When I got it home I tore into the one with the keyed chuck.  I'd been into a 12V Black & Decker drill once before so I had some idea of what to expect and this thing really wasn't very different.  In fact the main difference I noticed is that the 14.4V battery pack for the HF drill weighs about half what the 12V B&D pack weighs.

With the chuck removed the motor/gearbox/clutch assembly seemed perfect for my needs!

Now all I needed to do is figure out what to use for a speed control.  I thought about it for awhile and looked at a few simple circuits I could build but in keeping with the whole "cheap" concept I pulled the trigger apart and started poking around inside it.  What I found was a circuit board and a few heavy duty contacts that work something like this:

The negative terminal from the battery is always connected to one terminal on the motor and in the off position the motor leads are connected together.  I'm guessing this helps with braking since I can't think of any other reason, but I could be wrong.  As you pull the trigger the motor terminal that is not connected to the battery is switched to the drain of the MOSFET and the circuitry on the board provides a width modulated pulse at full voltage.  The on time of the pulse increases as you push the trigger further in but as you reach max travel the motor is switched from the pulsed output to full battery voltage.  This gives you the fastest possible speed and highest torque.  Now all I needed to do was figure out how to make all this happen with a pot and a couple of switches on the front of my power feed box and it actually turned out to be fairly simple!

The first thing I did is draw out a quick schematic but it was just on a Post-it and I can't find it at the moment.  If I run across it later I'll post it here.

The speed controller from the trigger is shown here:

I soldered 3 wires to it to bypass the pot on the board and replace it with my own.  You can't see it in the picture but I used a Dremel tool with a small pointed burr to cut the carbon of the potentiometer (the black band between the black and red wires) so that it didn't interfere with my pot.  The metal tabs at the top are contacts that are accessed through holes in the trigger housing shown below:

The labels didn't show up so well in the image but they're labeled for the gate drain and source of the MOSFET, the battery connections and the motor connections.  Rather than have to come up with connectors I just used these same holes and the original wires from the drill wherever I could.

I measured the speed control potentiometer as 500KOhms.  I had a bit of trouble finding one locally and was in too much of a hurry to see it work to wait for mail order so I used a 100K pot from Radio Shack and a 330K resistor in series with it.  Not exactly right but near enough to be safe.  With a bit of experimentation I found that the speed was really slow this way and I was concerned it may be too slow so I bypassed the 330K resistor and it ran quite a bit faster.  In the end I added a switch to bypass the resistor for 2 speed ranges.

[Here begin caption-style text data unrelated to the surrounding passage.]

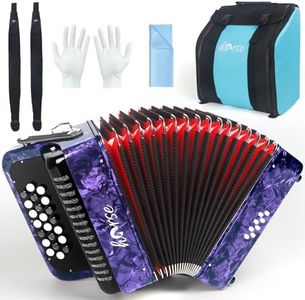 Horse 22 Key 8 Bass Accordion, Acordeones Para Adultos, Stable Pitch 22 Keys Button Accordions, Acordeón De Adulto Azul for Beginners Adults Students with Padded Bag, Cleaning Cloth, Strap(Purple)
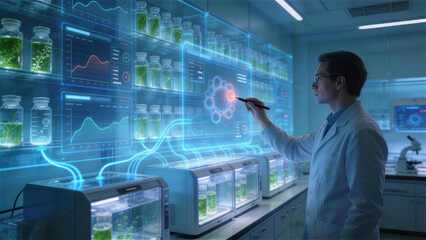 Obraz premium Scientist in Futuristic Laboratory: A dedicated scientist in a pristine laboratory environment, interacting with a futuristic.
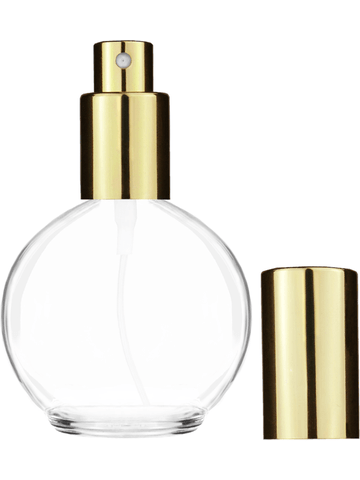 Round design 78 ml, 2.65oz  clear glass bottle  with shiny gold spray pump.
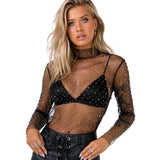 Gwmlk Women O-Neck Sparkle Tee Tops Sexy Clubwear Sheer Mesh Sequins Tops Glitter See-Through Translucent Long Sleeve Feminist Shirt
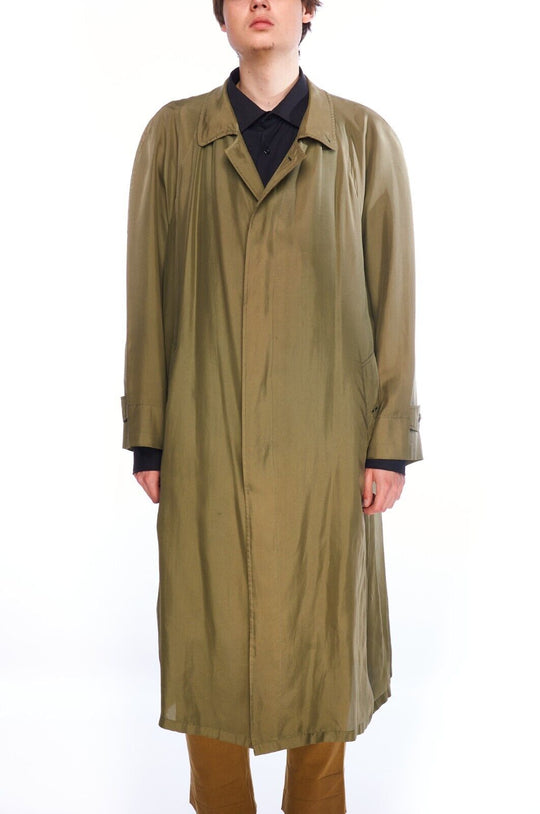 HERNO Cloak Jacket Green Silk Women's Lightweight Long Trench Coat Size 50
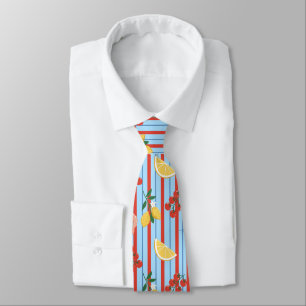 Mediterranean Shrimp and Citrus Pattern Tie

I also added a rapid traverse pushbutton that connects full voltage to the motor to move the table faster than you would while machining.  This is like pushing the trigger all the way in on the original drill.

I was a bit concerned about the current the motor would draw and how I would power the whole thing.  I read something about a DeWalt 18V drill motor drawing something outrageous like 50 amps at full load and there was no way I wanted to deal with something like that!  I finally decided that the load would be quite a bit less in this application because I planned to adjust the clutch to slip fairly easily.  In the end I settled on 5 amps for my power supply and max motor current.  The switches I used for the normal on/off and the rapid traverse were a bit whimpy for that so I had them turn on a relay that switched the current to the motor.

For a power supply I lucked up and found a 12V supply sold for Coleman electric coolers at a local Goodwill store, new in the box for $4.  It's a nice little switching supply that's probably pretty expensive from retail stores and it works great for this. I also found a few laptop supplies that would probably have worked but the Coleman seemed the best choice.  I chose 12V over the drill's 14.4V because 12V supplies are more readily available.  Even a 12V/13.8V automotive supply would work fine.